The death appears to be a suicide, but isn’t.

“I was fascinated with the idea that a person would solve a mystery the same way a writer would solve a story problem,” Deemer said. “I wanted to do two things: use a screenwriter as a detective and to write about legal prostitution in Nevada in contrast to Hollywood’s take on romance.”

Deemer said he wrote the novel two and a half years ago, and it took about six months to complete. He said he entered the contest on a whim, but that he truly writes for himself and not commercial reasons.

“I don’t expect anything, one way or another,” Deemer said. “I’ve been a judge in literary competitions myself and I’ve come to believe these affairs have more to do with judges than with writers. For a writer, it’s a crapshoot, so you can’t lose sleep over these things.”

Deemer spent his childhood moving because his father was in the Navy, but he mainly grew up in Southern California. He attended the California Institute of Technology with an interest in math and science, but dropped out in 1959 and enlisted in the Army for four years.

After doing well on a language aptitude test he took during training, Deemer was placed in the Army Security Agency and served as a Russian linguist when the Berlin Wall was erected.

This was during the Cold War, Deemer said, when the only way to get deferment from the military was to study math or science. In his early 20s, Deemer was younger than most the other soldiers in his agency, which he said was heavily comprised of young men educated in the humanities.

He said three out of 100 men in his group did not have a master’s degree.

“The wonderful thing about the Army was that it was the most intense educational experience I’ve ever had,” he said. “It was like having all these big brothers with master’s degrees.”

Deemer said he is currently working on an Army novel, drawing from the experience of his days in the military. Called Baumholder 1961, the novel is based on the German city he was stationed in.

“I don’t know why I’ve never written about it,” Deemer said. “Now I am.”

After the Army, Deemer went to school on the G.I. Bill. He received his bachelor’s degree from the University of California, Los Angeles, and then began teaching at the University of Oregon in the 1960s. Eventually he got his master’s of fine arts in playwriting from the University of Oregon.

He moved to Portland in 1978, where he lives with his wife of nine years.
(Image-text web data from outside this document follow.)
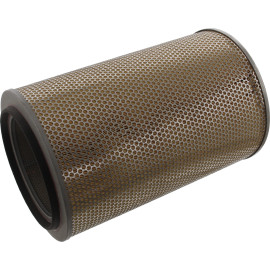 FEBI BILSTEIN 33775 Luftfilter FEBI BILSTEIN 33775 Luftfilter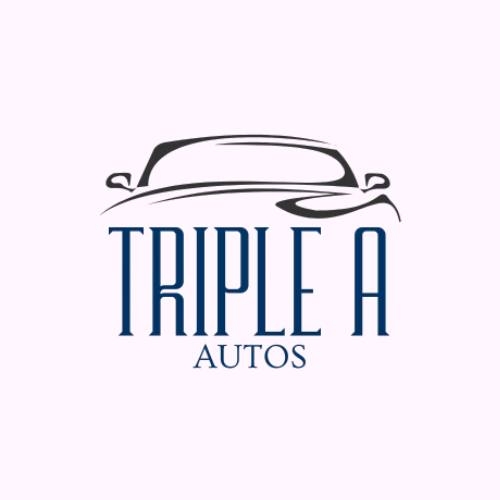 Triple A Autos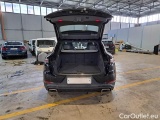  Porsche  Cayenne PORSCHE  COUPE / 2019 / 5P / SUV 3.0 V6 E-HYBRID #5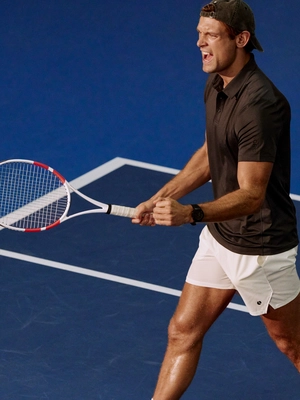6---2756_fb13856e7a-aw25_tennis_2_0198-original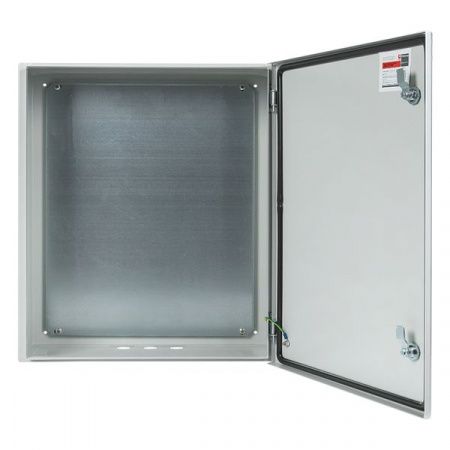 ЩМПг- 50.40.22 (ЩРНМ-2) IP54 PROXIMA EKF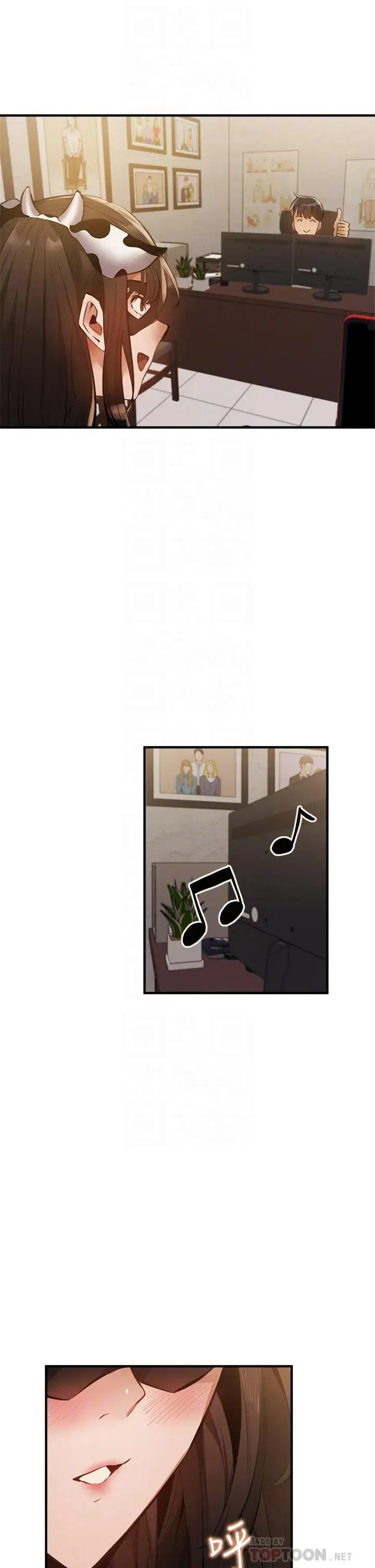 第43話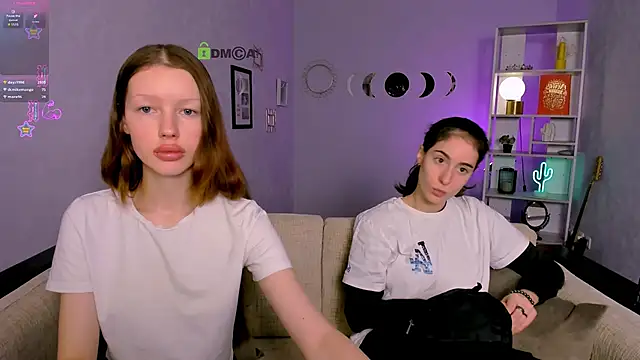 khloebeauty online show from 12/15/25, 08:46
Currently, Deemer teaches screenwriting at PSU, which he said he loves. He said he thinks his practical experience as a writer is something unique that he brings to the classroom.

“I can tell my students what it’s really like to be a working writer,” Deemer said. “It’s a tough business.”

Though he said he does not foresee another mystery novel in the future, Deemer said writing is something he has always done and will continue to do for the rest of his life.

“Having written almost daily for over 40 years, I can say that writing is not a job or a vocation or a profession–it is an existence,” Deemer said. “It is a way of being in the world.”